Three of the books are the basis of the murders in the pilot episode and account for why Castle is drawn into Beckett's world in the first place. The complete list comes from the books section of the "author's" website.
- In a Hail of Bullets (winner of the Nom DePlume Society's Tom Straw Award for Mystery Literature); referenced in his jacket bio on Heat Wave.
- Death of a Prom Queen (referenced in the pilot episode of Castle)
- Flowers For Your Grave (referenced in the pilot episode of Castle)
- Hell Hath No Fury (referenced in the pilot episode of Castle)

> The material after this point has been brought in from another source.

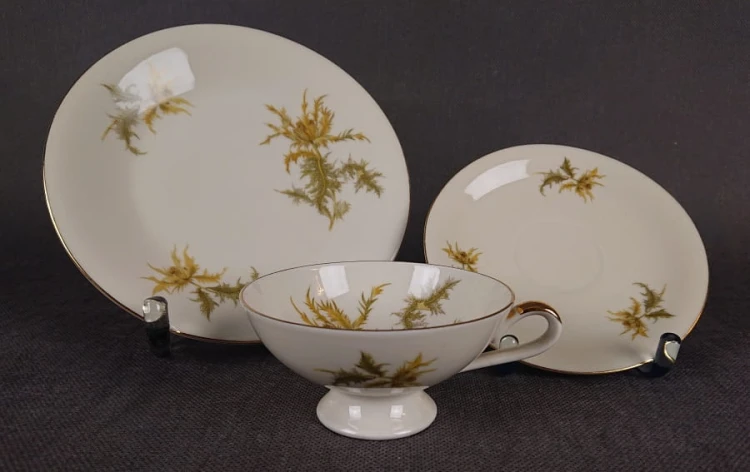 Zestaw śniadaniowy z niemieckiej fabryki porcelany Hertel Jacob & Co. to elegancki komplet składający się z filiżanki, spodka i talerza deserowego. Elementy wykonane są z białej, szkliwionej porcelany i zdobione motywami ostów i złotymi akcentami.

- A Skull at Springtime (seen on shelf in the pilot episode of Castle)
- At Dusk We Die
- When It Comes to Slaughter
- A Rose for Everafter (seen on shelf in the pilot episode of Castle)
- Dead Man's Chest
- Bullets and Bracelets
- Kissed and Killed
- One Bullet, One Heart
The question on everyone's mind
According to the dust jacket on the Nikki Heat books:
Richard Castle is the author of numerous bestsellers, including the critically acclaimed Derrick Storm series. His first novel, In a Hail of Bullets, published while he was still in college, received the Nom DePlume Society's prestigious Tom Straw Award for Mystery Literature. Castle currently lives in Manhattan with his daughter and mother, both of whom infuse his life with humor and inspiration.
However, one look at the picture of Nathan Fillion right above that and you realize that isn't exactly correct. After all, Castle is a fictional character portrayed by Fillion, not a real and true person. Which has raised many times the question of just who is actually penning the words on the page?
Several theories have arisen, including that it's one of Castle's poker buddies moonlighting under a pen name. Unlikely in the extreme, although the only solid clue we've been given is that the author has appeared on Castle.
The one theory that has gained steam and seems the most likely is that it's Tom Straw. As in the "prestigious Tom Straw Award for Mystery Literature" mentioned in the bio. Nice way to give the ghostwriter some credit, and Straw is a real person, actual writer and connected as a former TV writer. And Fillion has said Straw has appeared on Castle, although it's not credited in his IMDB listing. (His work with Parker Lewis and Cosby Show is, but nothing about Castle.)
This is one mystery that might not be cleared up until well after the series is over.